» What is needed
Which lines run from the line with "Tray by Lenox-1" through the line with "Бейсболка New Castle, серая" in the entries below? Print them exactly, both ends included, and nothing more.
[Available data — start]
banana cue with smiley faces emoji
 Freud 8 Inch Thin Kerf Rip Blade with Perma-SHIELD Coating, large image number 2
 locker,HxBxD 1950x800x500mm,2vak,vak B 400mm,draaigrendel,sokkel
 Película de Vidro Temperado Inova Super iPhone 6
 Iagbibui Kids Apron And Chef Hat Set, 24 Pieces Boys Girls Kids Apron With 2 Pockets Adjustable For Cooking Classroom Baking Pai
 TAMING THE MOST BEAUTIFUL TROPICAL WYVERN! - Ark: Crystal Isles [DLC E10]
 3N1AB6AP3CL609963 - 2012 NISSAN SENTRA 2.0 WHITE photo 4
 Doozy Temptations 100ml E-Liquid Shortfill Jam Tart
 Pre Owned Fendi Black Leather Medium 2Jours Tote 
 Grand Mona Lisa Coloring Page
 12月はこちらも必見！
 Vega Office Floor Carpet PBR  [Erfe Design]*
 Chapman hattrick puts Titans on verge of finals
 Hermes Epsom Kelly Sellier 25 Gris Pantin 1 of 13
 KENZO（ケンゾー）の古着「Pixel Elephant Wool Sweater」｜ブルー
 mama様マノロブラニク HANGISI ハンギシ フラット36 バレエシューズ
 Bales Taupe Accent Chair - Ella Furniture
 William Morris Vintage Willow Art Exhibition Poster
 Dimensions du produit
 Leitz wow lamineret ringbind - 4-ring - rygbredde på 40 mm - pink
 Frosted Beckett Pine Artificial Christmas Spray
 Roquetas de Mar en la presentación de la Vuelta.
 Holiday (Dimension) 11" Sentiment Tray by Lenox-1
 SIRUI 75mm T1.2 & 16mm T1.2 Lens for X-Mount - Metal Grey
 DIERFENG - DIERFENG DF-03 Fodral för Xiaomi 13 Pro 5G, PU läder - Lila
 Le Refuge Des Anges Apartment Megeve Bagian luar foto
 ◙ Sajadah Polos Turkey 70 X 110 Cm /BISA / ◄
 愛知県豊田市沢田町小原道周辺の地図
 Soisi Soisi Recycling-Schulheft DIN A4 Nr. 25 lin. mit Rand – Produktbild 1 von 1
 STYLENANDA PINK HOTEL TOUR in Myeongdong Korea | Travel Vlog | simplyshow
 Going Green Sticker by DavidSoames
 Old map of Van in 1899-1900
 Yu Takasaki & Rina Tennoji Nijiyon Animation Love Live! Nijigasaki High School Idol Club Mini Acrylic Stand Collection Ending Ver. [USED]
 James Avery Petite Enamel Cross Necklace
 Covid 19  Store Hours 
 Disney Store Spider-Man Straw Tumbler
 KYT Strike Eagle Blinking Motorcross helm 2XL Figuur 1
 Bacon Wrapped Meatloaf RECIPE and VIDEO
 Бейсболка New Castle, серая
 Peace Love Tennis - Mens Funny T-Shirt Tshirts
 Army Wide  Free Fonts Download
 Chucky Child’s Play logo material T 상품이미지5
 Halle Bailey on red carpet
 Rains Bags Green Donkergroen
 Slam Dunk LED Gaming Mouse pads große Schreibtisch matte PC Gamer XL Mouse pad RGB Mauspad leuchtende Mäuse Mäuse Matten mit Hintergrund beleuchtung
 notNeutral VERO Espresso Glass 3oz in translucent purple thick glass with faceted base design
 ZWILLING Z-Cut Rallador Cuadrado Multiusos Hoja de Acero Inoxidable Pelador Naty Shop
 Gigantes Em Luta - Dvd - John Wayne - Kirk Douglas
[Available data — finish]
» Written response
 Holiday (Dimension) 11" Sentiment Tray by Lenox-1
 SIRUI 75mm T1.2 & 16mm T1.2 Lens for X-Mount - Metal Grey
 DIERFENG - DIERFENG DF-03 Fodral för Xiaomi 13 Pro 5G, PU läder - Lila
 Le Refuge Des Anges Apartment Megeve Bagian luar foto
 ◙ Sajadah Polos Turkey 70 X 110 Cm /BISA / ◄
 愛知県豊田市沢田町小原道周辺の地図
 Soisi Soisi Recycling-Schulheft DIN A4 Nr. 25 lin. mit Rand – Produktbild 1 von 1
 STYLENANDA PINK HOTEL TOUR in Myeongdong Korea | Travel Vlog | simplyshow
 Going Green Sticker by DavidSoames
 Old map of Van in 1899-1900
 Yu Takasaki & Rina Tennoji Nijiyon Animation Love Live! Nijigasaki High School Idol Club Mini Acrylic Stand Collection Ending Ver. [USED]
 James Avery Petite Enamel Cross Necklace
 Covid 19  Store Hours 
 Disney Store Spider-Man Straw Tumbler
 KYT Strike Eagle Blinking Motorcross helm 2XL Figuur 1
 Bacon Wrapped Meatloaf RECIPE and VIDEO
 Бейсболка New Castle, серая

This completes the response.